Another Summer Movie Round Up
DISTRICT 9
Produced by Peter Jackson. This sci-fi lesson about racism has some nice ideas—unwanted aliens stranded on earth and kept in camps, growing inter-species mistrust, a plan to return the aliens to their planet gone awry. But the follow-through is lacking, the performances second-rate and the film withers pathetically on the vine.
G-FORCE
Animated, from Disney. Talking CG guinea pigs are secret agents. Why, Disney, why?
HANNAH MONTANTA
Starring Miley Cyrus and Billy Ray Cyrus. After so many bad films, Disney takes a kids’ Disney Channel sitcom and stretches it out to an hour and a half motion picture, and what do you have? A pretty watchable film, actually, and much to my surprise. Although the first part of the picture (set in Hollywood) is pretty much business as usual for the “Hannah Montana” show, the rest of it takes on some meaning as Robbie Ray takes his daughter Miley (who is actually superstar Hannah Montana) back to the family farm in Tennessee, much against Miley’s wishes, where she learns lessons about the importance of family, integrity and closeness, lessons her big time life in Hollywood never taught her. This movie is actually about something, has some interesting characters and there is character development, juvenile as it may be. There are also decent performances from the supporting cast, some humor, and a story you can hang a hat on.
INGLORIOUS BASTERDS
Starring Brad Pitt; written and directed by Quentin Tarantino. Tarantino is back with a violent, talky and exceptionally crafted motion picture about a squad of Jewish American soldiers (led by a Tennessee-accented Pitt) dropped behind enemy lines in occupied France in order to kill and scalp as many Nazis as they can get their hands on.
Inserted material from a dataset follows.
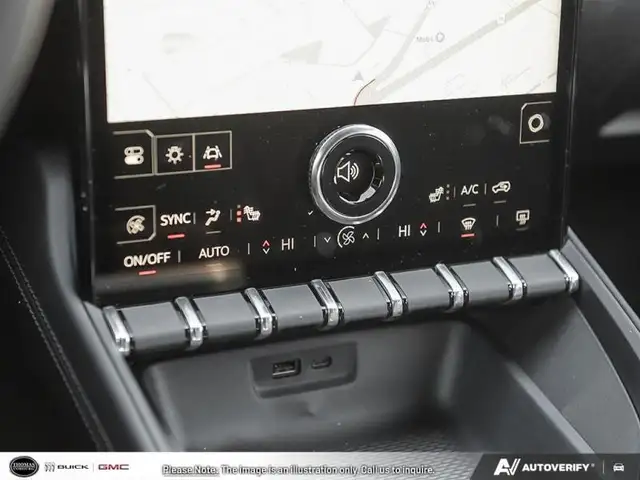 2026 GMC Terrain Elevation - Photo 24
A second storyline, involving a young Jewish woman living as a Parisian Gentile in order to escape the Nazis who murdered her family, intersects with the first in a Paris cinema where dual plots to assassinate Hitler and his cadre of Nazi killers are hatched.
STAR TREK
Starring Chris Pine, Zachary Quinto, Leonard Nimoy, Bruce Greenwood; directed by J.J. Abrams. Director Abrams got it right, and Star Trek is retooled for the 21st century. The story is clever and manages to preserve the canon while introducing a new cast and new elements to the classic Star Trek universe.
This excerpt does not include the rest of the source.